» **Data shown**
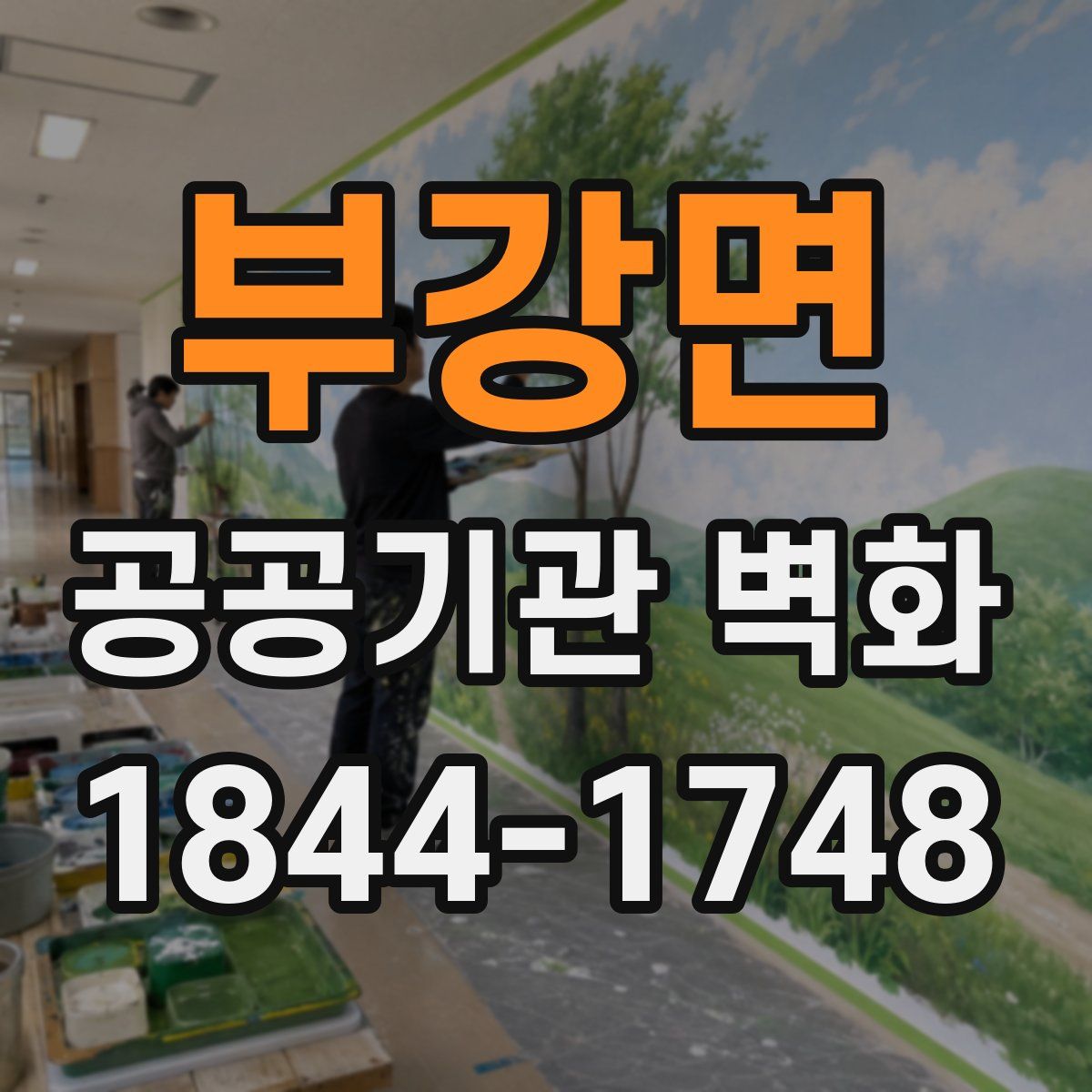 부강면 공공기관 벽화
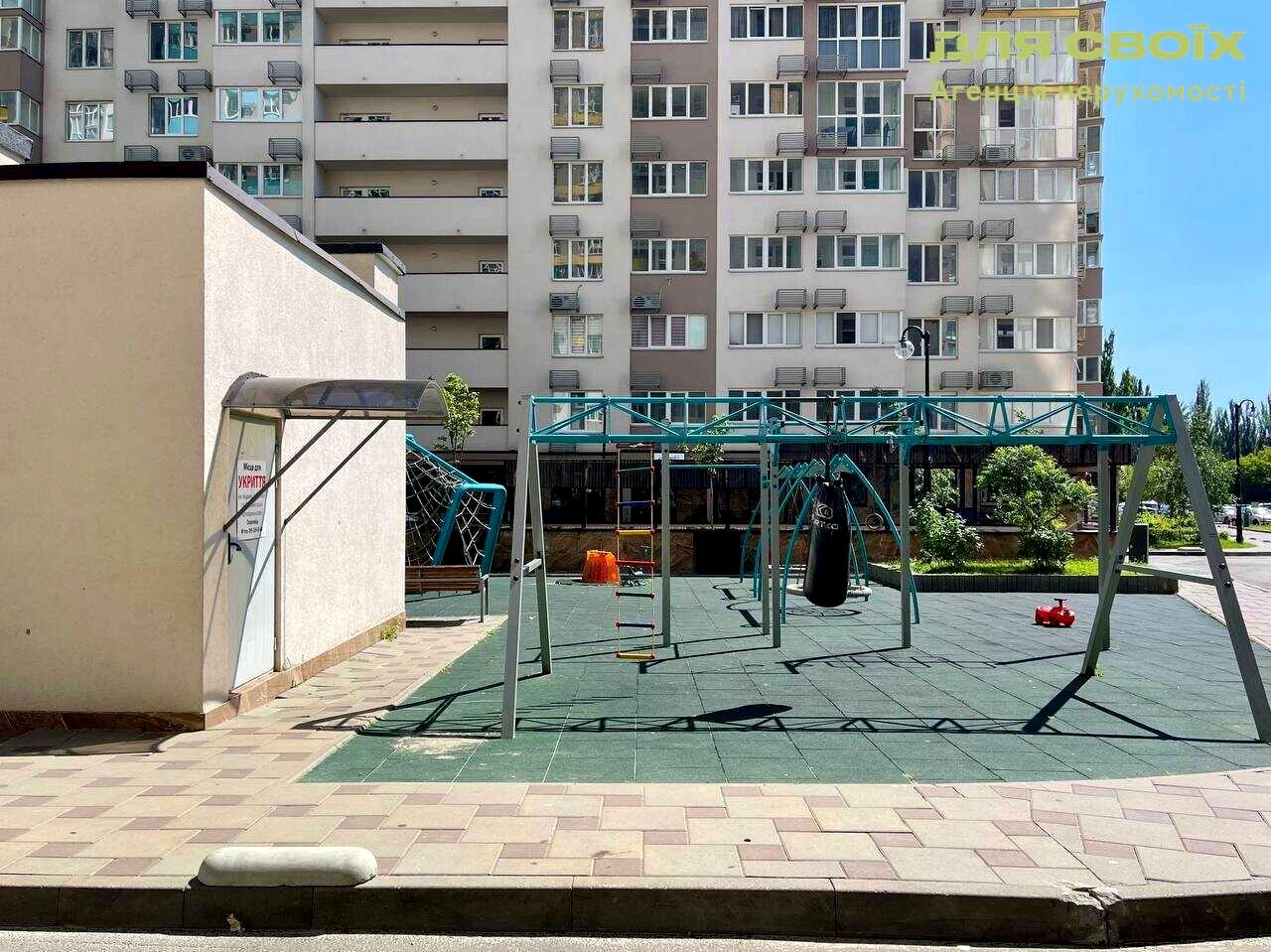 1872600025787245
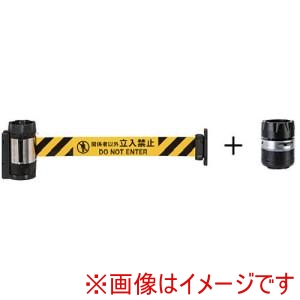 中発販売 中発販売 BRS-510DSBSET バリアリールMAXサウンドバリアセット 関係者以外立入禁止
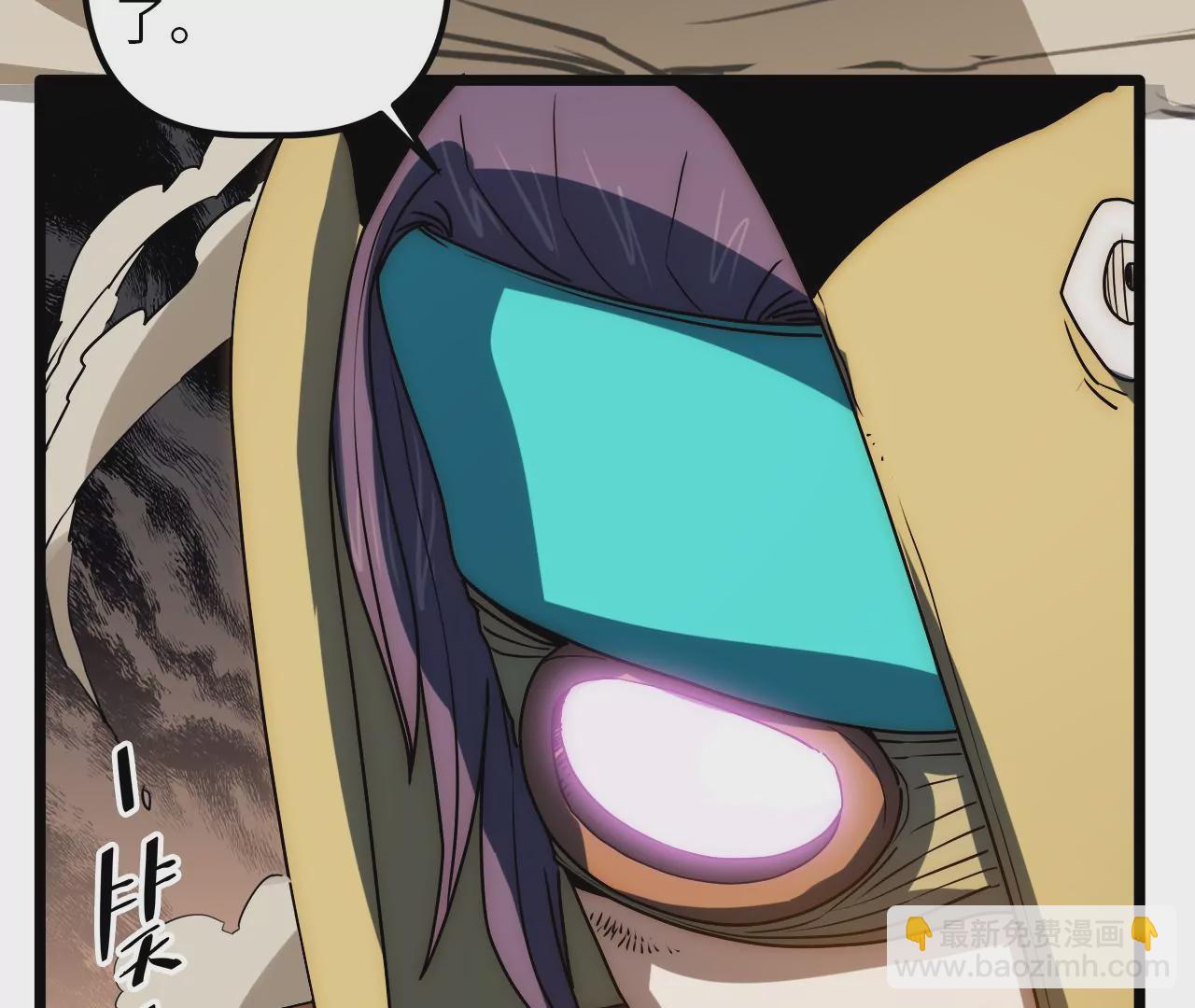 第80话 暴露(1/2)-第83话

» **Problem**
Repeat each line of the material exactly, and drop any image it carries.

» **Solution to this problem**
 부강면 공공기관 벽화
 1872600025787245
 中発販売 中発販売 BRS-510DSBSET バリアリールMAXサウンドバリアセット 関係者以外立入禁止
 第80话 暴露(1/2)-第83话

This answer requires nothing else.